> **PROBLEM STATEMENT**: Could you print every record below exactly as written?

> **INFORMATION SUPPLIED**:
-------------------------
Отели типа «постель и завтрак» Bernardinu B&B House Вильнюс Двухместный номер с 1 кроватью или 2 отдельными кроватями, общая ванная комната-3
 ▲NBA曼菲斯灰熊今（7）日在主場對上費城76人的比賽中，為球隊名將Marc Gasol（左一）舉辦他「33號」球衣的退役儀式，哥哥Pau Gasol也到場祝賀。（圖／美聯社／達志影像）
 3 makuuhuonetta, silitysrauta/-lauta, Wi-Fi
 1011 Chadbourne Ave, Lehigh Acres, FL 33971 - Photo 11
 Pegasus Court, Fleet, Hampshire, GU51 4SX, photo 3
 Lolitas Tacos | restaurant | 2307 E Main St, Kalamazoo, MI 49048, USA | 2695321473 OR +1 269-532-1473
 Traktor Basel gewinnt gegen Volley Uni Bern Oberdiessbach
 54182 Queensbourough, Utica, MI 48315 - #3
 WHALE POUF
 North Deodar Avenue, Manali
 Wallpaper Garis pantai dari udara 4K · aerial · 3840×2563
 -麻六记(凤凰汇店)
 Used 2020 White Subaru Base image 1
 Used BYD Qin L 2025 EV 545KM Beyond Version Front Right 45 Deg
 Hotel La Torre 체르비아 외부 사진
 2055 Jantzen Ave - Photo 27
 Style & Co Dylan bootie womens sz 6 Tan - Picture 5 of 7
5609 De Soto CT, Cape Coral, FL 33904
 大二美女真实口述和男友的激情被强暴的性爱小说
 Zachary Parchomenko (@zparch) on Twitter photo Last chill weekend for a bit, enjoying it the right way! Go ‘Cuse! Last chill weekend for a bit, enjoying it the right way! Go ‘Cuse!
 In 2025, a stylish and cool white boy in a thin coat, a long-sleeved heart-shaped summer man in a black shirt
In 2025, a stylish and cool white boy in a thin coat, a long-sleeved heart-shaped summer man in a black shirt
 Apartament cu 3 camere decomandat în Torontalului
-------------------------
> **ANSWER FOR THIS EXERCISE**:
Отели типа «постель и завтрак» Bernardinu B&B House Вильнюс Двухместный номер с 1 кроватью или 2 отдельными кроватями, общая ванная комната-3
 ▲NBA曼菲斯灰熊今（7）日在主場對上費城76人的比賽中，為球隊名將Marc Gasol（左一）舉辦他「33號」球衣的退役儀式，哥哥Pau Gasol也到場祝賀。（圖／美聯社／達志影像）
 3 makuuhuonetta, silitysrauta/-lauta, Wi-Fi
 1011 Chadbourne Ave, Lehigh Acres, FL 33971 - Photo 11
 Pegasus Court, Fleet, Hampshire, GU51 4SX, photo 3
 Lolitas Tacos | restaurant | 2307 E Main St, Kalamazoo, MI 49048, USA | 2695321473 OR +1 269-532-1473
 Traktor Basel gewinnt gegen Volley Uni Bern Oberdiessbach
 54182 Queensbourough, Utica, MI 48315 - #3
 WHALE POUF
 North Deodar Avenue, Manali
 Wallpaper Garis pantai dari udara 4K · aerial · 3840×2563
 -麻六记(凤凰汇店)
 Used 2020 White Subaru Base image 1
 Used BYD Qin L 2025 EV 545KM Beyond Version Front Right 45 Deg
 Hotel La Torre 체르비아 외부 사진
 2055 Jantzen Ave - Photo 27
 Style & Co Dylan bootie womens sz 6 Tan - Picture 5 of 7
5609 De Soto CT, Cape Coral, FL 33904
 大二美女真实口述和男友的激情被强暴的性爱小说
 Zachary Parchomenko (@zparch) on Twitter photo Last chill weekend for a bit, enjoying it the right way! Go ‘Cuse! Last chill weekend for a bit, enjoying it the right way! Go ‘Cuse!
 In 2025, a stylish and cool white boy in a thin coat, a long-sleeved heart-shaped summer man in a black shirt
In 2025, a stylish and cool white boy in a thin coat, a long-sleeved heart-shaped summer man in a black shirt
 Apartament cu 3 camere decomandat în Torontalului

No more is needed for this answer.